General characteristics
- Class & type: Schooner
- Tonnage: 97 at time of sinking
- Length: 86 ft (26 m)
- Beam: 21 ft (6.4 m)
- Decks: 1
- Propulsion: Sail
- Crew: 8

= Lizzie Throop =

Two-masted wooden schooner in the Great Lakes service

The Lizzy Throop was a two-masted wooden schooner, that transported general goods and later, timbers across the Great Lakes from 1849 until 1873, when she broke up in a gale on October 17, 1873. The wrecked hull of the Lizzie Throop was discovered in the summer of 2016, while searching for the lost airliner Northwest Airlines Flight 2501.

==Vessel==
Built by J. O'Conner, in what was previously known as Mill Point, Michigan, the wooden vessel was crafted out of timbers milled from one of Grand Haven's earliest saw mills. The single deck schooner was constructed to a length of 86 ft, a breadth of 21 ft, with a depth of 8 ft. She displaced 123 tons. The vessel had an almost 4:1 ratio in length and width, giving the ship an unusual wide appearance. She could be operated by a crew of 6 to 8 men. The ship's namesake comes from a derivative of the ship owner, Nathan Throop's deceased wife, Caroline Elizabeth Throop.

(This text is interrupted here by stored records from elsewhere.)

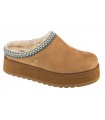 SKECHERS zuecos para mujer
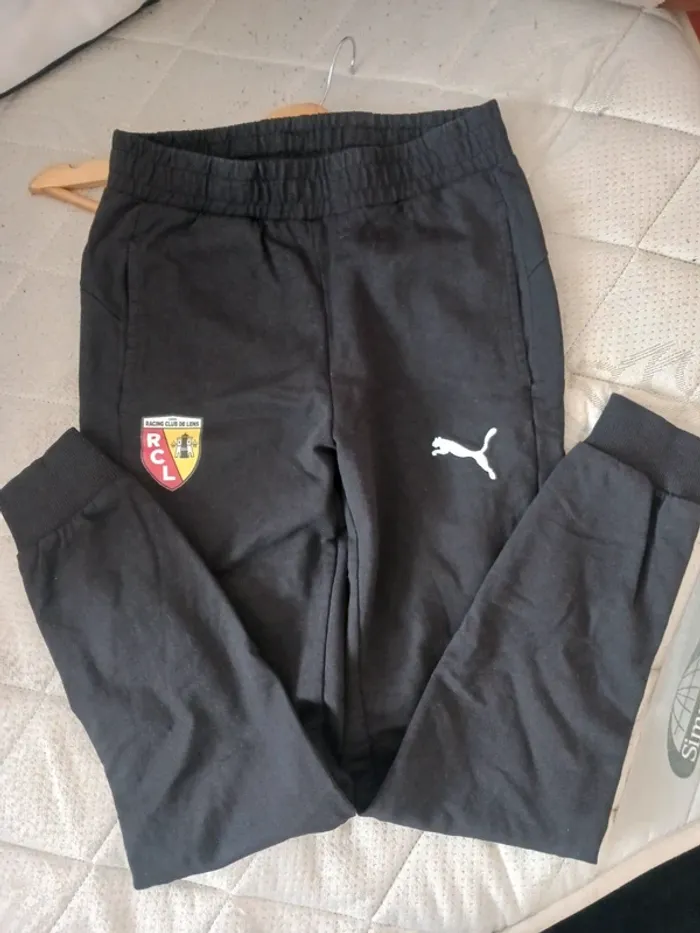 Pantalon de survetement RCL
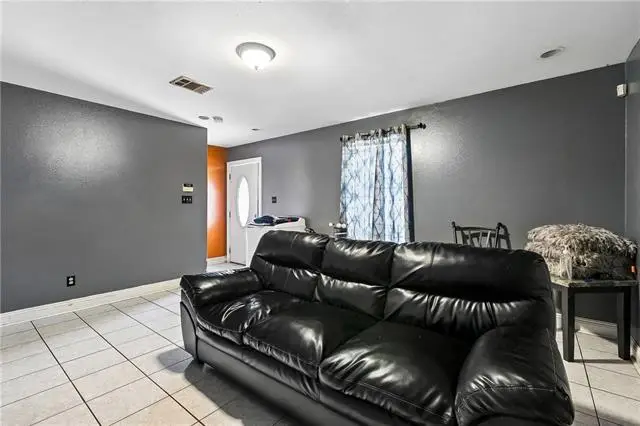 4957 Baccich Street, New Orleans, LA 70122 - #2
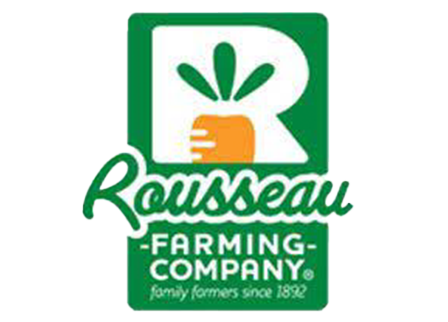 Rousseau Farming Company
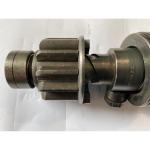 LANCEUR DE DEMARREUR BENDIX 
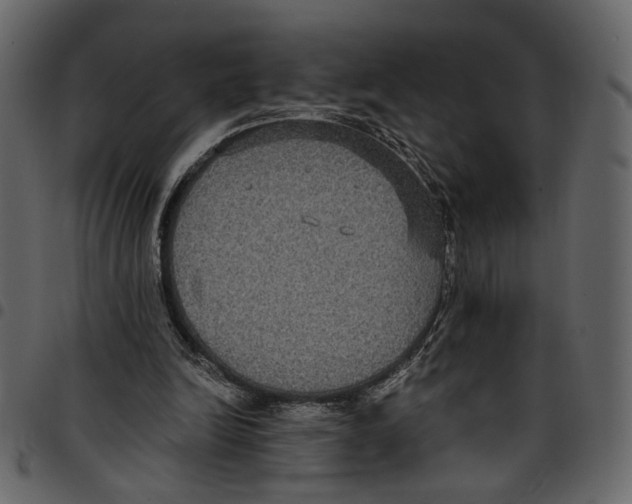 X0000097510246200803201621
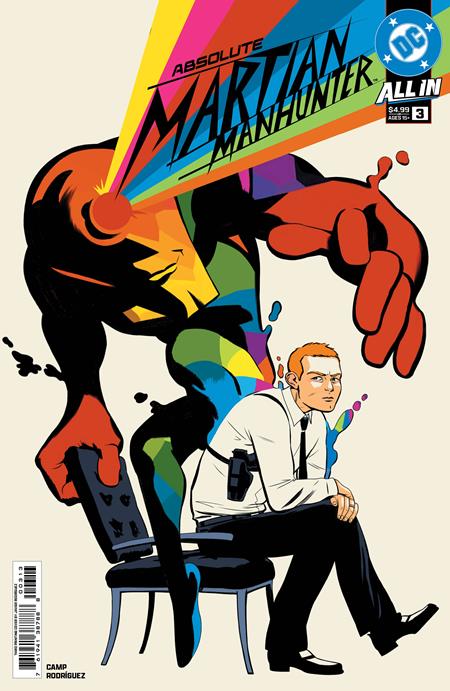 THIRD PRINTING (2026-03-18)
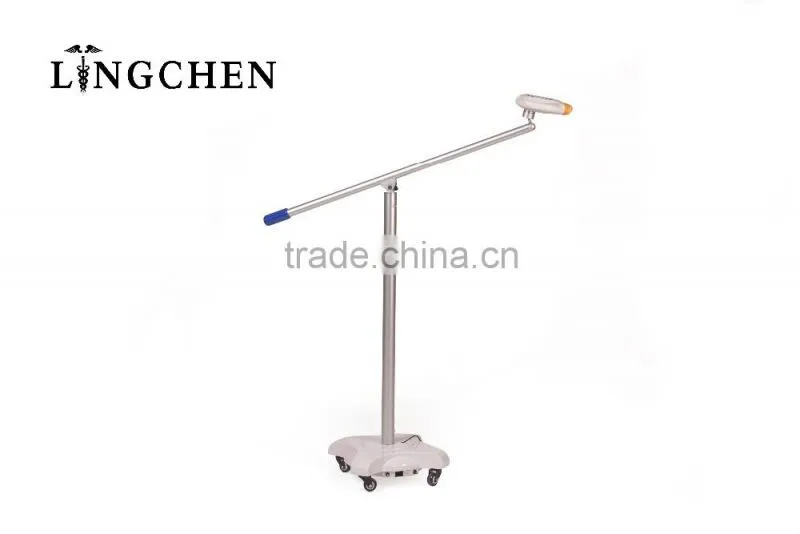 Factory sale teeth whitening machine with laser teeth whitening prices lamp
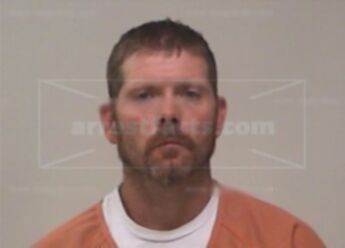 Larry Glenn Dickens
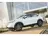 Honda HR-V 1.5i e:HEV ADVANCE 2023 Hybride Benzine 30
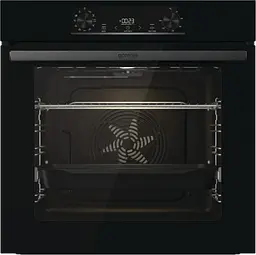 Духова шафа Gorenje BO 6735 E05B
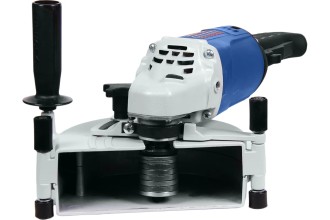 Бороздодел ФИОЛЕНТ Б3-40 в кор.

==History on the Great Lakes==
The Lizzie Throop encountered some misfortunes on the lakes in her quarter century on the lakes. Two grounding events occurred in 1854. According to insurance claims, in April, 1854, she was driven against breakwater, near Chicago, Illinois. She ran aground again that same year, in November. In 1865, her tonnage was reduced to 97 tons and her cargo hold was outfitted to carry timbers, logged from Northern Michigan. Towards the end of her life, she ran regular routes from Muskegon to Chicago, carrying timbers to the rebuilding metropolis of the Midwest that was recovering from the Great Chicago Fire.

==Loss==
On October 16, 1873, the Throop left Muskegon with a load of wood slabs at dusk. Around 11 P.M. she was encountered by a squall. At 3am her hull sprang a leak and started taking on water. The surviving first mate recounted his story "At 1pm, she filled with water up to her decks. At this time we were away from land about fifteen miles. At half past 6pm, she rolled over. The men took to the rigging except the mate, who steered her until she rolled over. Three of the men got into the boat, the Captain and cook having before this washed off and drowned. The three men, including the mate, left the boat and got into the hull and made a line fast to the boat and let her hang to the hull. The vessel began to break up and the three men were washed off of her. One was drowned, and the other two got ashore on a piece of the wreck."

The Lizzie Throop's deck separated from the hull, due to the buoyancy force of the wood slabs in the cargo hold, and the ship taking on water and beginning to sink. The wood slabs pushed up through the strained decking, sending the hull to the bottom of Lake Michigan. What remained of the decking washed ashore hours later, nearly nine miles north of Grand Haven, with 4 of the sailors aboard. Two sailors, being Captain Mcmara and the cook, went down with the Throop.

==Discovery of the wreck==
SideScan sonar expert Ralph Wilbanks, working with Michigan Shipwreck Research Associates, on behalf of Clive Cussler, while searching for a missing airliner that disappeared in 1950, was using side-scan sonar, when an image appeared of what looked like an early wooden sailing ship. The Throop was always believed to have all washed ashore, but the MSRA team discovered by studying the wreck's dimensions, that the image was indeed the hull of the Lizzie Throop. The Wreck lies in 280 ft of water, 15 mi northwest of South Haven. Wilbanks and his team also were responsible in locating the H.L. Hunley Confederate submarine.